Patients in need of V-V ECMO support have a high predicted mortality, and implementing an invasive therapy that requires central venous cannulation, systemic anticoagulation, and exposure to an extracorporeal bypass circuit involves substantial risk. The most common complication encountered in ECMO patients is bleeding. Cannula site, surgical site, central nervous system and gastrointestinal bleeding are the most frequent hemorrhagic complications. Infection is also relatively common, with culture proven infections occurring in approximately 20 % of adult respiratory ECMO patients. Mechanical complications such as oxygenator failure, clotting, air in the circuit and tubing rupture are other important considerations [18, 19].

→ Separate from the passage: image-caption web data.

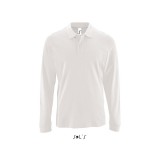 PERFECT MEN LSL POLO 180g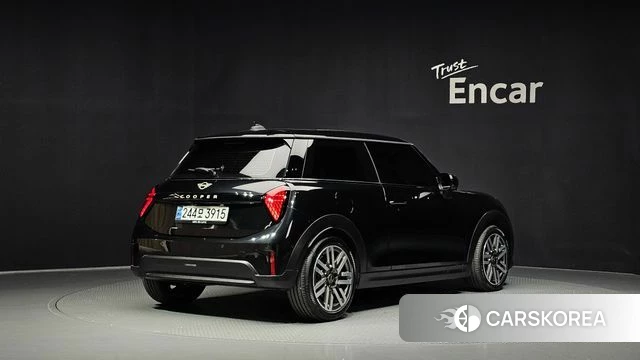Mini Cooper C 4th generation id 5021044 из Кореи 12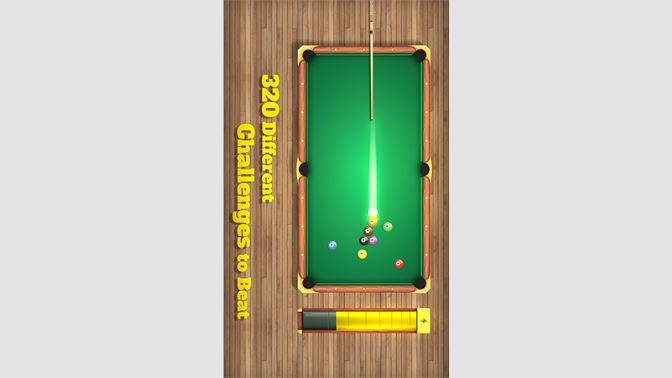 Pool Billiards offline Mod Menu v3.8.1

In the CESAR trial [2], not all patients transferred to the ECMO center received ECMO therapy. Despite this their outcomes were better than those managed in conventional treatment centers. This highlights the fact that management of patients with severe respiratory failure by a specialized team in units that have an ECMO-based management protocol improves outcome. As such, we have developed a ‘Severe Respiratory Failure’ team at our hospital that receives referrals from ICUs across the country. Their role is to evaluate and manage patients with life threatening respiratory failure who fail conventional ventilation.

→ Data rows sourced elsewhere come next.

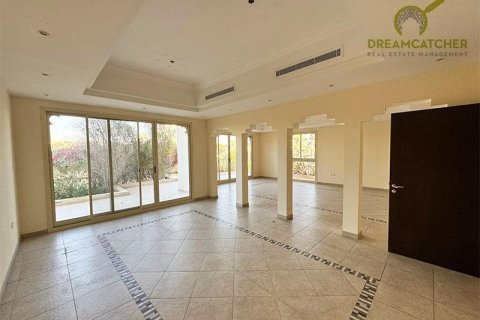 Вилла с 4 спальнями в Al Hamra Village, ОАЭ №20247 5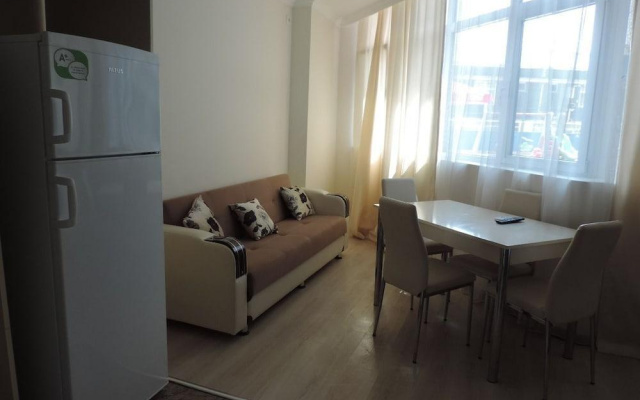 Apartment 16 Pirosmani Street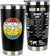 50th Birthday Gifts for Women Men - 1975 50th Birthday Decorations Gifts Ideas for Her Him - 50 Year Old Birthday Gift for Men Women Turning 50 Gift Ideas - Stainless Steel Tumbler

V-V ECMO was an effective rescue therapy in HIV positive patient with an otherwise fatal respiratory failure due to Pneumocystis pneumonia and air leak syndrome. This case report emphasizes on the fact that the use of ECMO support in HIV/AIDS patient is not always futile and can be considered if the patient has favorable baseline characteristics and the primary problem is respiratory failure that has a reversible etiology. It also highlights the role of ECMO in allowing ultra-protective lung ventilation and preventing ventilator-induced lung injury in patients with poorly compliant lungs.